Dialah Nabi Musa atau Moses –begitu orang Barat menyebut – saat menantang agar Tuhan menampakkan diri dalam wujud fisik. Bayangkan saja bagaimana bila kita melihat matahari dalam jarak ratusan kilometer sebagaimana jarak Musa melihat Tuhan? Pasti Musa akan terbakar habis, bis! Itu hanya satu matahari, bagaimana bila …dua…tiga…empat… semilyar sinar matahari yang kekuatan membakarnya dijadikan satu?
Sejatinya, Tuhan adalah Dzat yang Bukan Maha Pembakar.
Dia adalah Maha Lembut dan Welas Asih, sehingga akhirnya dia menyapa Musa dengan bahasa kasih sayang. Tuhan memberikan cara untuk melihat-Nya: Hai Musa, Kau harus ekstase!. Musa hanya diminta untuk tidak menyadarkan “diri” yang masih diliputi oleh tirai kemanusiaan. Diri yang belum siap untuk bertatap “MUKA” dengan-NYA.

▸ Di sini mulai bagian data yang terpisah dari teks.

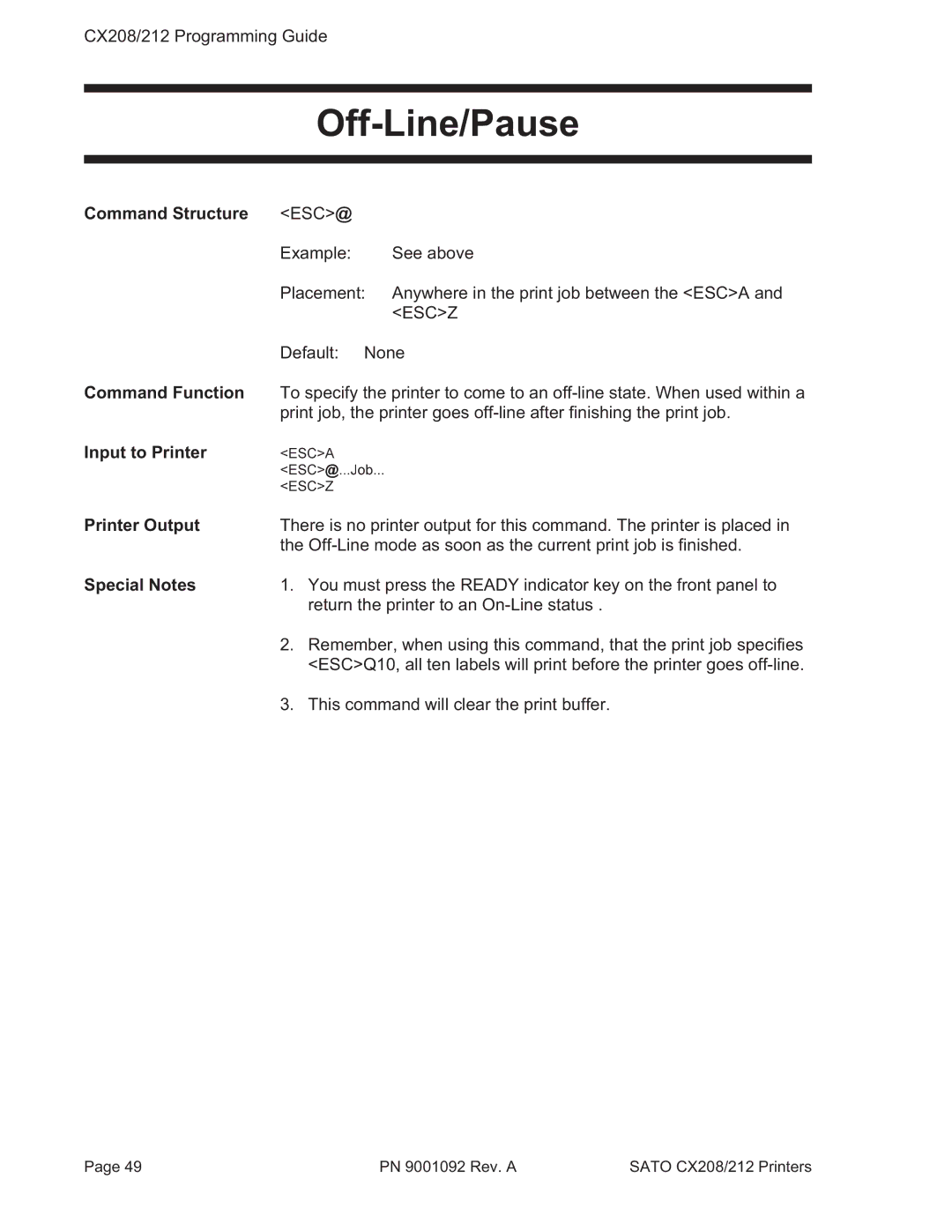 SATO CX208/212 manual Off-Line/Pause 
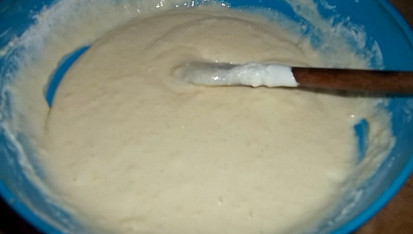 Ovocná  zakysaná   bábovečka(rychlá), zpracované těsto...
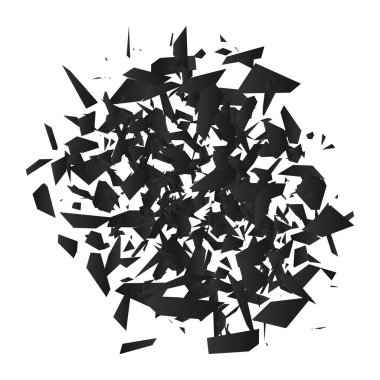 Patlama etkisi. Parçalanmış üçgen. Metin için yeri olan pankart.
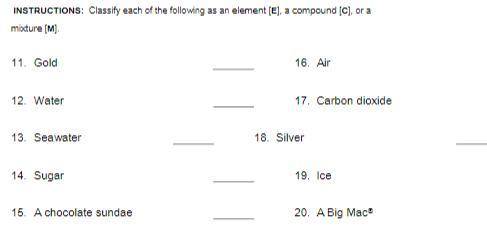 Classify each of the following as an element [E], a compound [C], or a mixture [M].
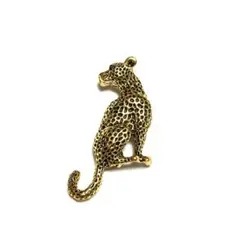 BR-307 ♡ チーター ジャガー ヒョウ ネコ科 ゴールド ブローチ ♡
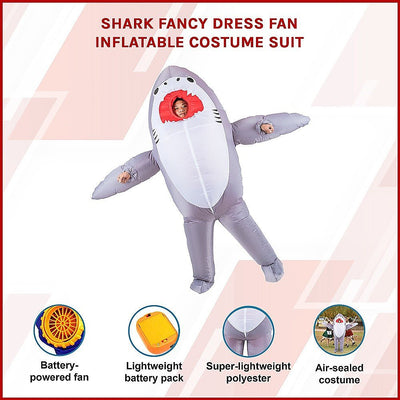 Shark Fancy Dress Fan Inflatable Costume  Suit Payday Deals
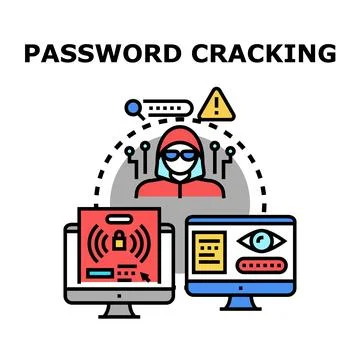 Cyber criminal cracking password accessing personal data online Stock Illustration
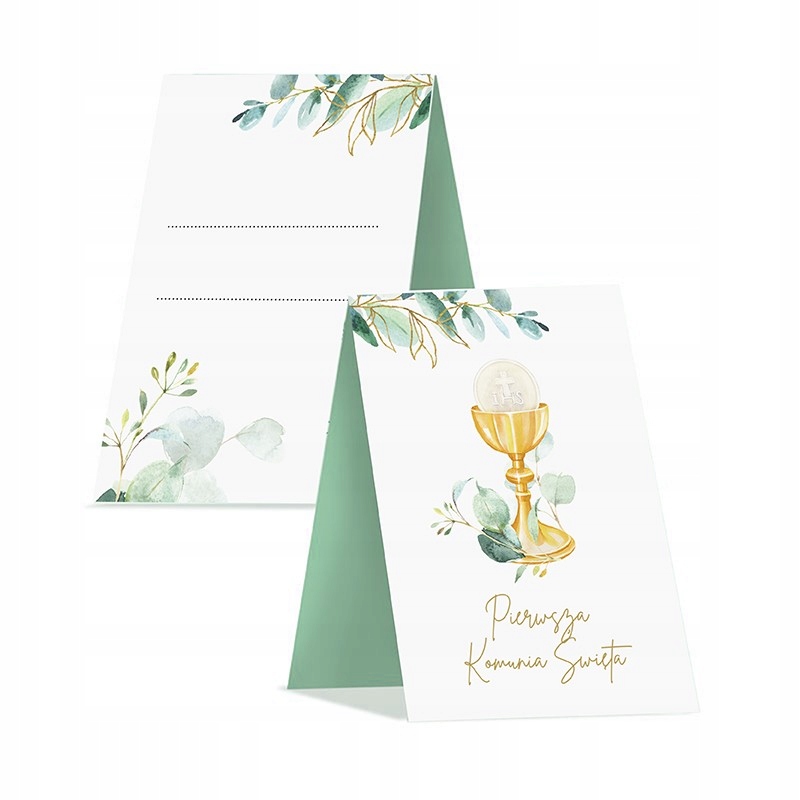 

Winietki komunijne Złoty Kielich eukaliptus 10szt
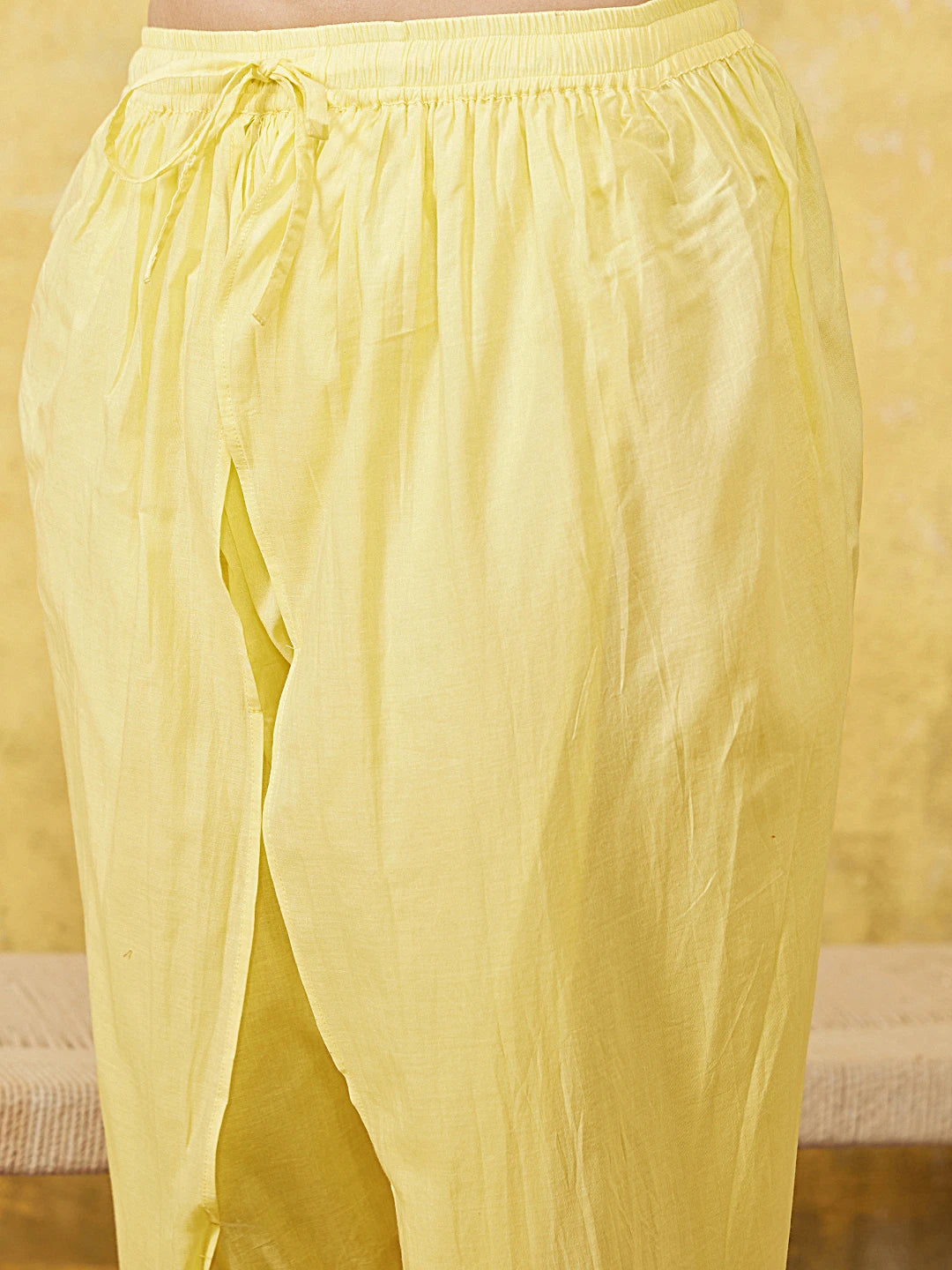 Ada Hand Embroidered Yellow Cotton Lucknowi Chikankari Flared Kurti With Dhoti Set A100321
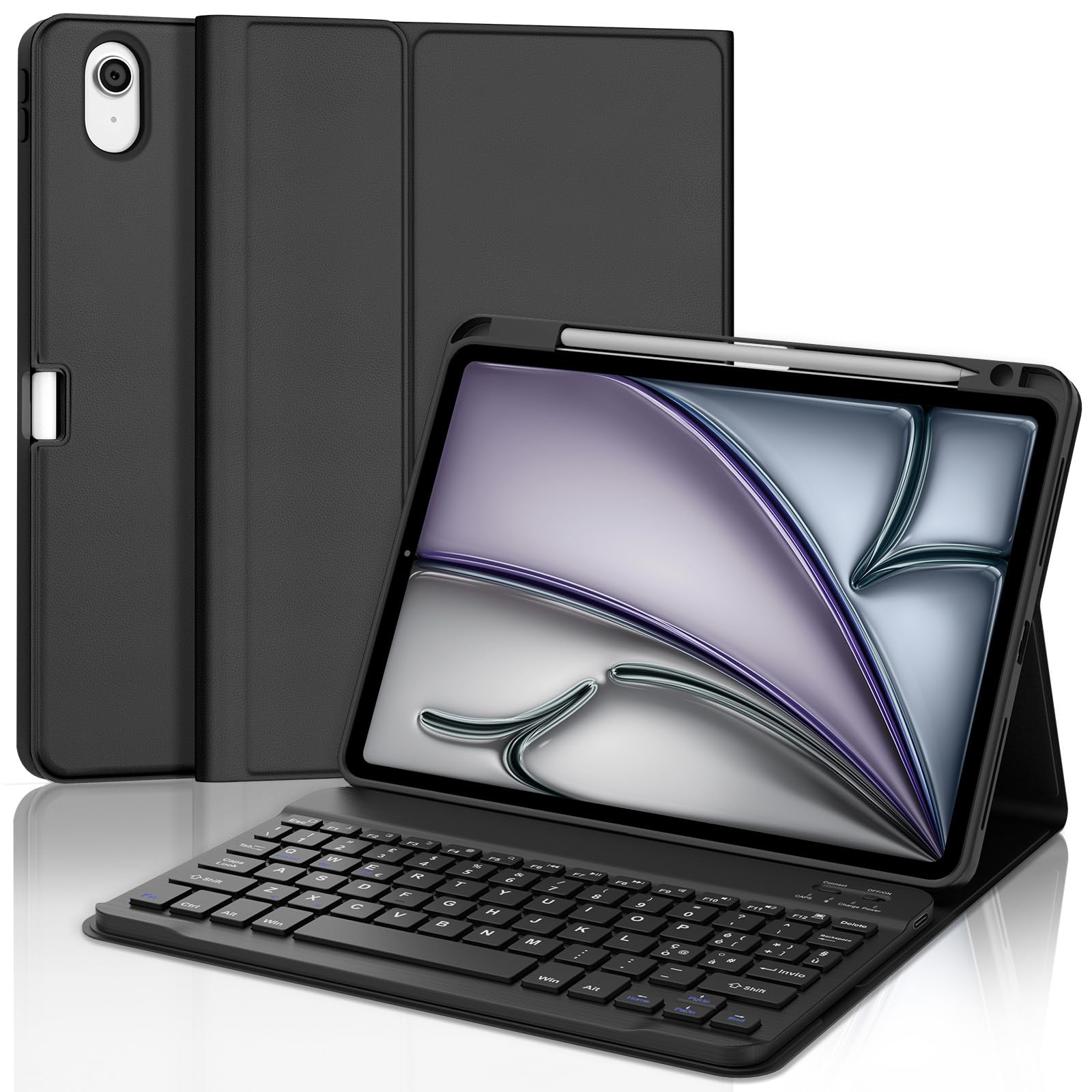 FOGARI Per iPad Air 11/ 5ª/4ª generazione e iPad Pro 11 Cover Tastiera | Custodia Tastiera Bluetooth Rimovibile per iPad Air 11 M4 2026/M3 2025/M2 2024, Keyboard Wireless Portatile, Nero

Bagaimana sesungguhya kehebatan CAHAYA TUHAN? Dalam Kitab
Suci disebutkan dengan bahasa analogi, bahasa perumpamaan, agar manusia
berpikir. Allah adalah cahaya langit dan bumi. Perumpamaan CAHAYA-NYA adalah
ibarat misykat. Dalam misykat itu ada PELITA. PELITA itu ada dalam KACA. KACA
itu laksana bintang berkilau. Dinyalakan dengan minyak pohon yang diberkati.
Pohon zaitun yang bukan di Timur atau di Barat. Yang minyaknya hampir-hampir
menyala dengan sendirinya, walaupun tidak ada API yang menyentuhnya. CAHAYA DI
ATAS CAHAYA! ALLAH menuntun kepada CAHAYA-NYA, siapa saja yang Ia kehendaki.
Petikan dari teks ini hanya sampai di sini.